Does $a^n \mid b^n$ imply $a\mid b$?
If you can assume the fundamental theorem of arithmetic (that each integer has a unique factorization in prime numbers), you can write: $$ \begin{align*} a &= p_1^{e_1} p_2^{e_2} \ldots p_r^{e_r} \\ b &= q_1^{d_1} q_2^{d_2} \ldots q_s^{d_s} \end{align*} $$ Here the $p_i$, $q_i$ are primes, and $e_i$ and $d_i$ are all greater than 0. If $a^n \mid b^n$, then $p_i^{n e_i}$ must have a counterpart in a $q_j^{n d_j}$, in that $p_i = q_j$ and $n e_i \le n d_j$, so it must then also be that $e_i \le d_j$; and this means $a \mid b$.
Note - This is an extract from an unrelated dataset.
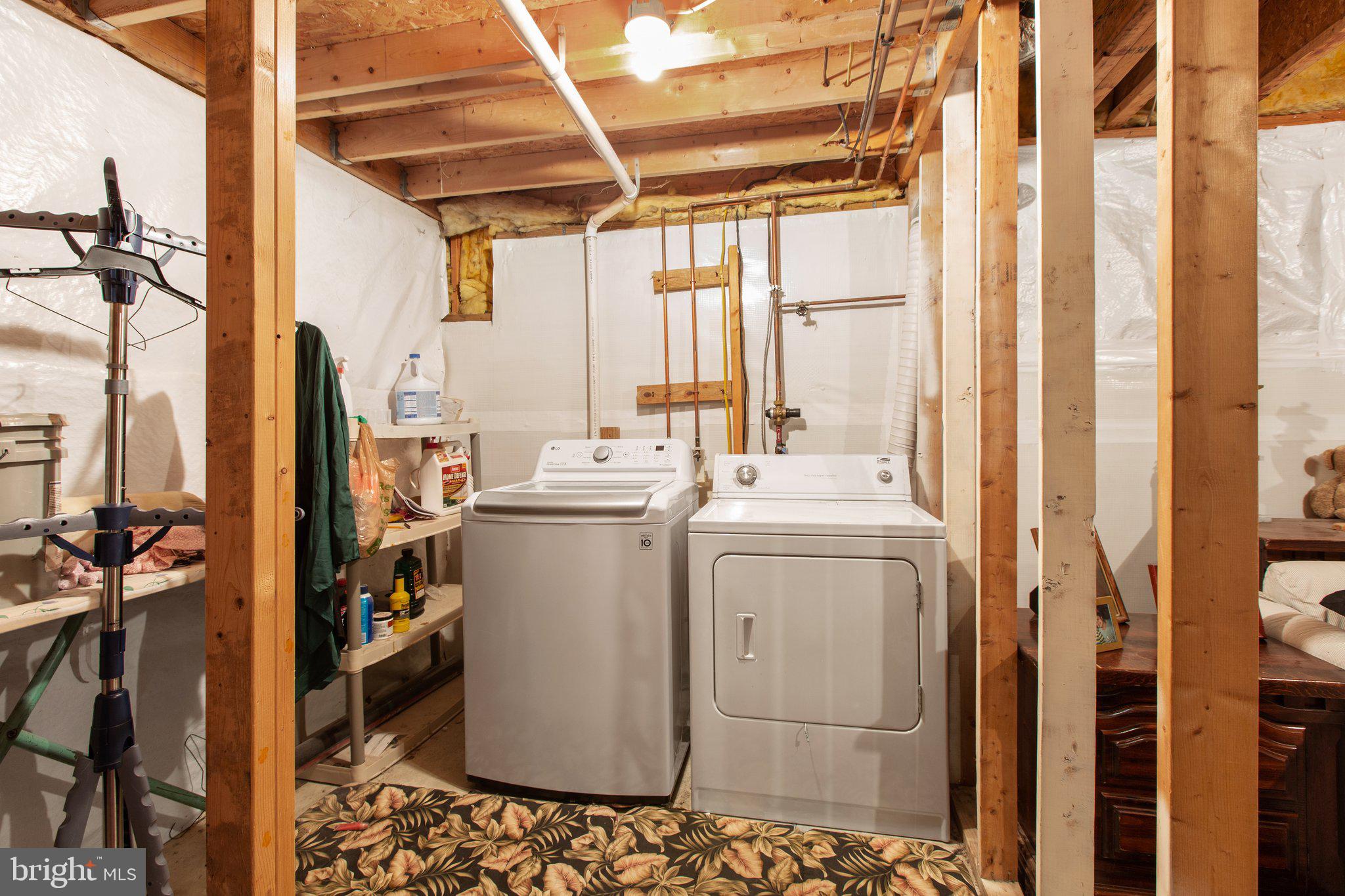 POTOMAC HILLS - Residential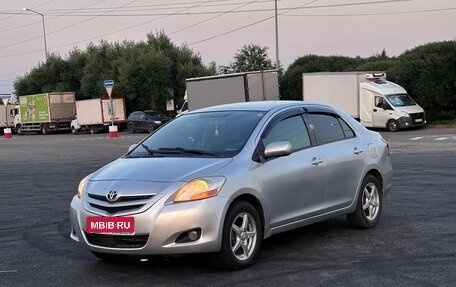 Toyota Yaris III рестайлинг, 2008 год, 670 000 рублей, 1 фотография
Hint $\ $ Either examine exponents in unique prime factorizations, or, by the Rational Root Test, the reduced rational root $\rm\:x = b/a\:$ of $\rm\:x^n = c\in\Bbb Z\:$ must be integral, so $\rm\:b/a\in\Bbb Z\:\Rightarrow\:a\mid b.$
Hint: $p$ is a prime factor of $k$ if and only if $p^n$ is a factor of $k^n$. This holds for any prime $p$, integer $k$, and positive integer $n$.